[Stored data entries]
----
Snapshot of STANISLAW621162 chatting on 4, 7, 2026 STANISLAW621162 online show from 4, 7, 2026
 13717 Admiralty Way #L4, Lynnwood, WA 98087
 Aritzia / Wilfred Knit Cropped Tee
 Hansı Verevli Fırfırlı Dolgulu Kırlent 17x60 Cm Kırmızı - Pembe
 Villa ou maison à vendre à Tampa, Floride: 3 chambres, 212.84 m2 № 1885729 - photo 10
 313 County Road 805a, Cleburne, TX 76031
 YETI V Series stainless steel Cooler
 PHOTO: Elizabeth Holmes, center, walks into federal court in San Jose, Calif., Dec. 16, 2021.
----
Give an exact copy of the lines from the one with "YETI V Series stainless steel Cooler" through the end of the entries, both ends included.

** Result of the exercise **
 YETI V Series stainless steel Cooler
 PHOTO: Elizabeth Holmes, center, walks into federal court in San Jose, Calif., Dec. 16, 2021.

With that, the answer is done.